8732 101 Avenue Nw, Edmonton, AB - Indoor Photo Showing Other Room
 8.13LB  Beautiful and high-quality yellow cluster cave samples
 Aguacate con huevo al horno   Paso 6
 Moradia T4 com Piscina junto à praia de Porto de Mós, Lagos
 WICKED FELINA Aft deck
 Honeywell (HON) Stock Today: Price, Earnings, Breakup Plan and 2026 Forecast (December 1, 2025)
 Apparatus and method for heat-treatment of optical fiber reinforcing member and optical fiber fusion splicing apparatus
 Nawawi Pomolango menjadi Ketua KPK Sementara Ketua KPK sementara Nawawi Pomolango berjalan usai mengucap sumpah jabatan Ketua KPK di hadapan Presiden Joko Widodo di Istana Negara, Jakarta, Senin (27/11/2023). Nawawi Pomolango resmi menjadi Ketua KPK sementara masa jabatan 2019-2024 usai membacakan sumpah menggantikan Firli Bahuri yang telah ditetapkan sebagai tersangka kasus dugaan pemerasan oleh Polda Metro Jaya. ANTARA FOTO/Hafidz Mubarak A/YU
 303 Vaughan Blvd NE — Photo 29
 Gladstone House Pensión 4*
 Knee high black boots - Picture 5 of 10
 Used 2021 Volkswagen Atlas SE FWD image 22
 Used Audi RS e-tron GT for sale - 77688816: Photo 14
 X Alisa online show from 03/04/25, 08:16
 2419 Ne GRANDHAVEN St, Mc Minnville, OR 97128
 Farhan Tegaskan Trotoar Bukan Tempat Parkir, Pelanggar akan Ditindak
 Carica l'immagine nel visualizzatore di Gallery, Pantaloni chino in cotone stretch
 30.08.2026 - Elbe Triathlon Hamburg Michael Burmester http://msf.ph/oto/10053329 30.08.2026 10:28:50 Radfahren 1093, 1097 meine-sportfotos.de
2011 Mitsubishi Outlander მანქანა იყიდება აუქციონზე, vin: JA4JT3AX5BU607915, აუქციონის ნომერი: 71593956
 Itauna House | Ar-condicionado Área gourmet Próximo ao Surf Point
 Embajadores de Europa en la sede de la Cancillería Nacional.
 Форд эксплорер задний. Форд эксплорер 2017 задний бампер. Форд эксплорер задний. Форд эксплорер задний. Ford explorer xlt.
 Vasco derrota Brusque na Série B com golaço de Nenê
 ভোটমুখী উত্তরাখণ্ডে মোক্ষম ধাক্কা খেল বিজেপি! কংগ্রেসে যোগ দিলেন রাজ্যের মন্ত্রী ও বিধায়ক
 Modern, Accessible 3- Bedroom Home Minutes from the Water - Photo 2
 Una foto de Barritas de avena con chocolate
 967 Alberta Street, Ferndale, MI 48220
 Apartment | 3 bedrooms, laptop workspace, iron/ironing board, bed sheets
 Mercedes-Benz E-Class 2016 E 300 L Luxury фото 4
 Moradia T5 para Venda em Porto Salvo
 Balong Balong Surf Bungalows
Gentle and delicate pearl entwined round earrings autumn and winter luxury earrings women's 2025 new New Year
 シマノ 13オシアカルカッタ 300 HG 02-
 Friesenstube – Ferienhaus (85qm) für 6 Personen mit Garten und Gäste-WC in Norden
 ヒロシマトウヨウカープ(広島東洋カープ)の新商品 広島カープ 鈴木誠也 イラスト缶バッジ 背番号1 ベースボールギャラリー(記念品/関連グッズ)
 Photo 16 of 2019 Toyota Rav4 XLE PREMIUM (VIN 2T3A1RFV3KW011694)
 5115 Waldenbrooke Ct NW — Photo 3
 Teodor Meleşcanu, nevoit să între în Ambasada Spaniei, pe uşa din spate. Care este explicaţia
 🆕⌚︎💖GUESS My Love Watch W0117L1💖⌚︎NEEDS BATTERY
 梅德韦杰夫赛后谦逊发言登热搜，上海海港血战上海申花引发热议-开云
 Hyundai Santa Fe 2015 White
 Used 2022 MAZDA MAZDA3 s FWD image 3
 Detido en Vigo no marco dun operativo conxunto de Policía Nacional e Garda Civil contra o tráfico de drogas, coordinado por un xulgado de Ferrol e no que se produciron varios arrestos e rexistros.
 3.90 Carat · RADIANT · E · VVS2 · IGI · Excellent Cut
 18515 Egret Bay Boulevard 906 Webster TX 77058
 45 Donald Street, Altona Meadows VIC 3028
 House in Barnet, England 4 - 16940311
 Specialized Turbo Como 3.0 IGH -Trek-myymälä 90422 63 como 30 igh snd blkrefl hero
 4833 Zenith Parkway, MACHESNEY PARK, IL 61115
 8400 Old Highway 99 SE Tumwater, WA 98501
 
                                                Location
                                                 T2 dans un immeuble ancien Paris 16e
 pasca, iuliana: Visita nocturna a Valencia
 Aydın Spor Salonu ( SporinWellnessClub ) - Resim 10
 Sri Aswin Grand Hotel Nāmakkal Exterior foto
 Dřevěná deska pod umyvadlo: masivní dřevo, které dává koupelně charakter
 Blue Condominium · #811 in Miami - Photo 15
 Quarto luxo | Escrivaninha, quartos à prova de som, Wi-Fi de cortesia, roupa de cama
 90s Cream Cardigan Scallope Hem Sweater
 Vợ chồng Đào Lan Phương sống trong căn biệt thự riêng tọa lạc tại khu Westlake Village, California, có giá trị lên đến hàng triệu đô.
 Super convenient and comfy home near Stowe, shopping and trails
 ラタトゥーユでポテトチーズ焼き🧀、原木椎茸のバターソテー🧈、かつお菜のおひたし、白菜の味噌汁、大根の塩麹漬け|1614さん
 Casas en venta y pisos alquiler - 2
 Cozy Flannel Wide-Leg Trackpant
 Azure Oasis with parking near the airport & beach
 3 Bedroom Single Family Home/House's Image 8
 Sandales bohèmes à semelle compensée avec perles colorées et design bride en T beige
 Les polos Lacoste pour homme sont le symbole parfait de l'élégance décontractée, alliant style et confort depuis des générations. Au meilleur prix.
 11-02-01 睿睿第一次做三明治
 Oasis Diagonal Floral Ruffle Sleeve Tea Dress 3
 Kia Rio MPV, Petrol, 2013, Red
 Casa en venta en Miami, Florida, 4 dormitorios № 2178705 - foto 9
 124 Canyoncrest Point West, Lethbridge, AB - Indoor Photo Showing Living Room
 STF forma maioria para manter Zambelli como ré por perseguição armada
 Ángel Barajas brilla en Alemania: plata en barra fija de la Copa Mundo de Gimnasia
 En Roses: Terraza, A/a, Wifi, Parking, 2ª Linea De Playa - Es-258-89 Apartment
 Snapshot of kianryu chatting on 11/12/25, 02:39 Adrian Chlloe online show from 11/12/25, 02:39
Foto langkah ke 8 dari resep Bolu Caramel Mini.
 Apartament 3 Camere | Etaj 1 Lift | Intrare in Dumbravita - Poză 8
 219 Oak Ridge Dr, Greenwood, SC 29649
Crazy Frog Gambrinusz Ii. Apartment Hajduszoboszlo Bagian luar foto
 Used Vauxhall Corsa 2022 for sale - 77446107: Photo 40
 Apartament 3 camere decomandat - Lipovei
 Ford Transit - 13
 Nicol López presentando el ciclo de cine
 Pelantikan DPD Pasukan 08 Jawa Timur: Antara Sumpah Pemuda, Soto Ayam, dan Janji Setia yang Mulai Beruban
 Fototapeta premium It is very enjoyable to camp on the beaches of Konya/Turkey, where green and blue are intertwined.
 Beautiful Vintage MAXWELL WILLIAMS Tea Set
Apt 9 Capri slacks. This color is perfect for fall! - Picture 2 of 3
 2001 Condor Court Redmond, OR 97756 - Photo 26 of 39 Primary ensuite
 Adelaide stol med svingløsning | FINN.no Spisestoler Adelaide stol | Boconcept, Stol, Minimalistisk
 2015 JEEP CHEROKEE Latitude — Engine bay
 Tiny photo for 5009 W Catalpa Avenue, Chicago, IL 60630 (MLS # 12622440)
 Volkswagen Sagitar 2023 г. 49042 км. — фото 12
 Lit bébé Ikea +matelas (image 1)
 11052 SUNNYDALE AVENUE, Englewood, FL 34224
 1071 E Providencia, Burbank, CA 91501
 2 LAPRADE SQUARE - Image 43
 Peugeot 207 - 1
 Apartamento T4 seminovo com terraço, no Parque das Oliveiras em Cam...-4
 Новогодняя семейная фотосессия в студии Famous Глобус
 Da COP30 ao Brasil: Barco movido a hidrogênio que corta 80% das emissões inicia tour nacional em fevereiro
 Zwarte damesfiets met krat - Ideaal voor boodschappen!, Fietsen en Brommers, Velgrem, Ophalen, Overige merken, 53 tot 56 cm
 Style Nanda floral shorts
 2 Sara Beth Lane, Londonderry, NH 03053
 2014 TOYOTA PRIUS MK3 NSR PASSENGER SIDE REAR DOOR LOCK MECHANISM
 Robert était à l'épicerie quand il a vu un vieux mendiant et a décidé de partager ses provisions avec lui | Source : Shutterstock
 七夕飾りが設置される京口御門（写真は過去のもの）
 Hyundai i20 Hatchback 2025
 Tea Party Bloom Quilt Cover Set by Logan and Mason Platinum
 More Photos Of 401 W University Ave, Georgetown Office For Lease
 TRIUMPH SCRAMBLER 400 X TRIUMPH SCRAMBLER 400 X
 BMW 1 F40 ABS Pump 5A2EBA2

..............................

Determine how many lines of the material hold the string "Street", and state that number by itself.

◆ SOLUTION TO THE EXERCISE
2